Now Radeon High end GPUs have between 10,5 and 13 Teraflops and their graphic chips are still less performant than Nvidia´s GTX 1080 graphic card with 9 in many cases. Of course FPs is not the only thing you can use to compare. You also can speak about peak texture and pixel filtering, Peak rasterization rate or bandwith.
It´s not precise for comparing graphic card performance, and worse if you want to compare different brands and architectures, BUT GIVES YOU AN IDEA. And speaking about the same architecture, AMD in this case, we can think that a 11-13 teraflop AMD Graphic card would be able to run 4k at 30 fps.
Now, I would try to explain your PS2 example with something similar.
There is a Guy that I respect much and I believe is one man that undestand this thigns better than anybody. He was in charge of all the unreal engines. Epic Games founder Tim Sweeney.

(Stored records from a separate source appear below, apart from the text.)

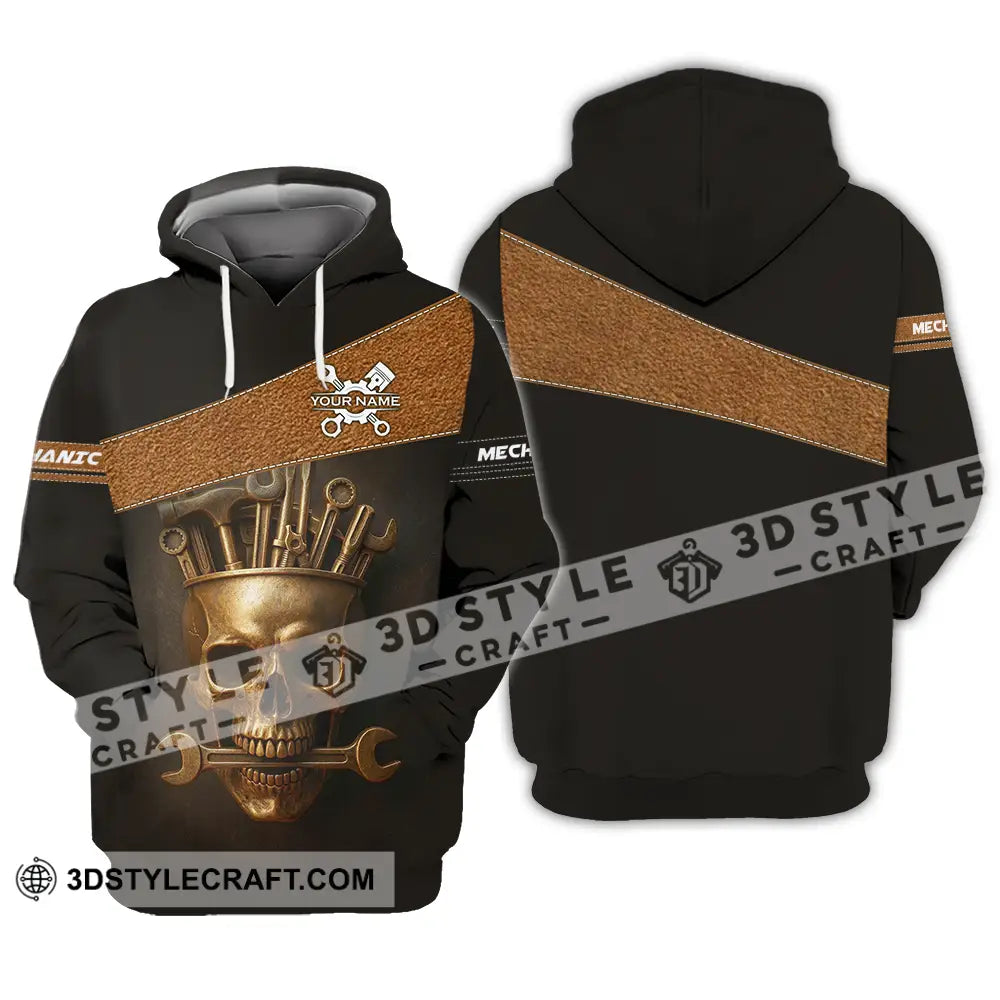 Unisex Shirt Custom Mechanic Shirt Hoodie / S T shirt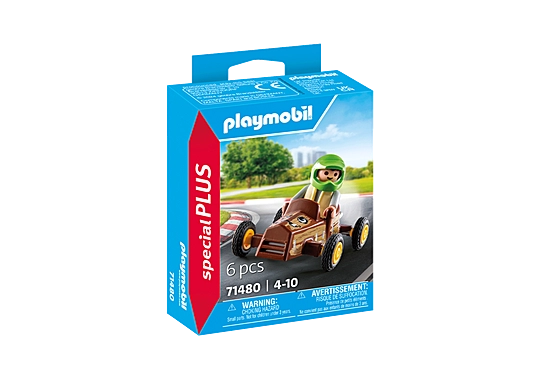 Playmobil Special Plus Παιδάκι με καρτ (71480) - Fun Planet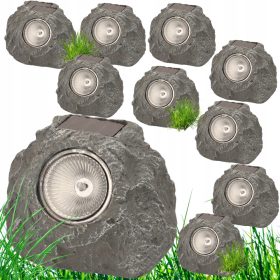  Solarna svetilka, 1 cm, 10 kos.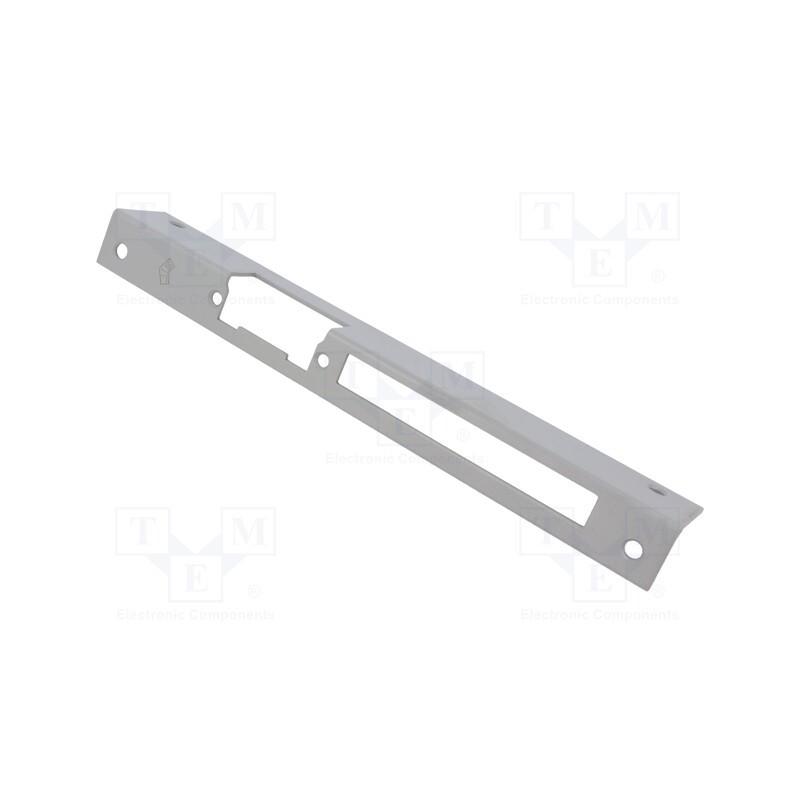 1 pcs x LOCKPOL - 905 G - Frontal plate, angular,right, W: 25mm, for electromagnetic lock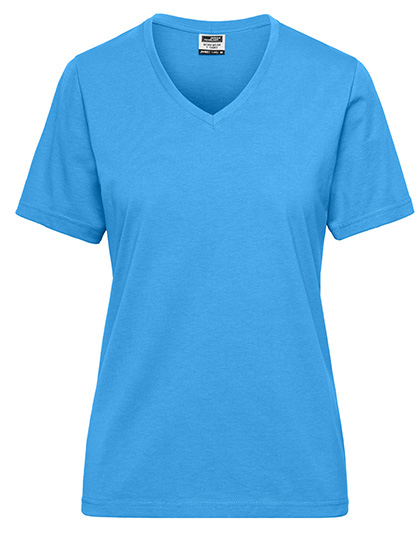 James&Nicholson Ladies´ Bio Workwear T-Shirt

He showed a slide on DICE 2012 session about computational analysis for predicting what was needed for next gen consoles. What did he use for that? Teraflops.
DOOM 1993. 320 x 200 x 30 fps x 6 operations per pixel = 10 MFlops.
Unreal 1998. 1024 x 768 x 30 fps x 48 ops per pixel = 1 Gigaflop.
Samaritan Demo 2011. 1920 x 1080 x 30fps x 40.000 operations per pixel = 2.5 Teraflops.
you can see it here min 5-46 to 7:56. https://www.youtube.com/watch?v=XiQweemn2_A
And next gen (PS4) didn´t get there, and many games didn´t run at 1080p 30 fps. He predicted it in 2011.
Now, the difference as you see is the operations per pixel, calculated by the GPU.
Older graphic cards didn´t reflect shadows or light, neither did transformation and lighting. So you had 6 ops per pixel in the 1st case.
Then you had GPUs able to calculate the bounce in lighting on a wall. 48 ops per pixel.
On the last case you had light bouncing from an object to the floor and then to your eyes. The video explains it. And there is your difference.
for calculating all that you need an operation. A single precision flop (what Im talking a bout) is a 32 bit floating point operation.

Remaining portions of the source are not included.